| Joelcool7 said: In the end I don't think Government has the right to tell parents that they can't let their child play an M-Rated game. But they sure as hell should be able to restrict legally the sale of M games to under age individuals. If a parent chooses to let their child play the game knowing the ESRB ratings tthen thats up to them. If the industry already self regulates why not allow the state to make it legally binding. Nothing will change as far as I know based on what I have been told. Its not like the state will take your kids away for letting them play GTA. Or am I totally misunderstanding the legislation? |
The law in question does not follow the rule you're setting out.
The concern most legal scholars have with the law is not that it will stop minors from playing or purchasing violent video games , but rather that this law leaves it up to the state to decide what games are and are not permissible for minors to purchase. In other words, a government employee or political appointee is going to have the final say on what is objectionable and what is not.
This is not unprecedented; in the early 70's the Court permitted similar regulations on "obscene" (essentially, pornographic) material. However, no Court has expanded the scope of that regulation in the thirty-plus years since, and that decision has been routinely criticized for its incredibly vague standard (note: the current California law nearly copy-pastes the language from that Court decision). Even the lower courts have hitherto recognized that restricting speech based on its content is almost always a no-go, which is why everyone was surprised that the Court took this csae in the first place.

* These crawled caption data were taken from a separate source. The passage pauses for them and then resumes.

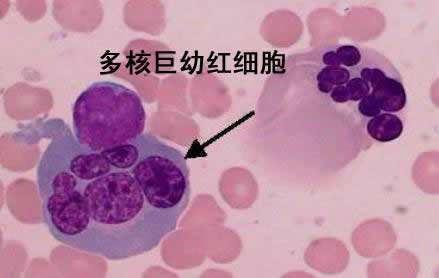 大红细胞1.80,大红细胞多少正常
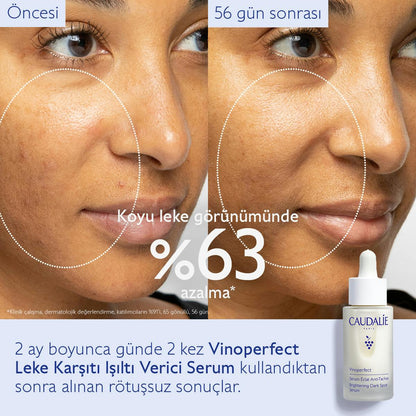 Caudalie Vinoperfect Leke Karşıtı ve Işıltı Verici Serum 30 ml
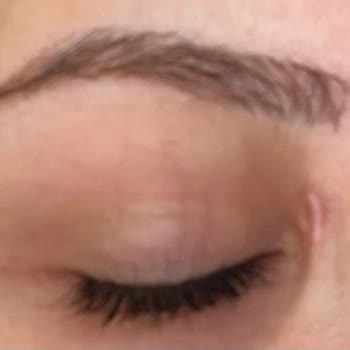 Apex Şişli Tıp Merkezi'nde Lazer Göz Kapağı İşlemi Sonrası İz Ve Ücret İadesi Talebi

Upholding the law would also throw constitutional law into turmoil. At the moment, any law which governs content must pass strict scrutiny, which means that it has to be the least restrictive means to achieve a compelling government interest. The government has to prove that both of those elements are true. In this case, what is the compelling interest? To the best of my knowledge, there has not been any concrete or reliable evidence correlating violent video games with increased violence in minors. And is this the least restrictive means to achieve the government's result? In light of how the game industry is already self-regulated, it appears that the answer is "no." But if the Court upholds this law, then "strict scrutiny" would suddenly be much less "strict" than it used to be. As an American, I find that deeply troubling...
But assuming that the state simply adopted the ESRB ratings wholesale, you also asked why the state should not have the power to make self-regulation legally binding. The answer is that the law imposes criminal fines and penalties, not merely community sanctions. This is especially troublesome because it's often unclear why a game received a certain ranking (remember when Oblivion's rating flipped post-release? Or Halo 3 got the M-rating? ).
It is the difference between "I should not eat the leftover Halloween candy" and "every time I eat the leftover Halloween candy, I have to pay $1,000." Movie theaters which let unaccompanied minors watch Rated R or NC-17 movies would not have to pay criminal fines. Retailers who sell crush videos to minors would not have to pay a fine. Why, then, should videogame retailers have to do so?
To summarize: the law does not simply give the ESRB's decisions legal weight, but instead invests the power to decide what stays and what goes in a government censor. That censor would have to work with a very vague guideline, one which has produced inconsistent results when examining obscenity cases. It would make videogames the only self-regulated industry that is liable to criminal penalties. And most disturbing of all for Americans, it would be a huge blow to freedom of speech, as it lowers the bar for what the government can censor.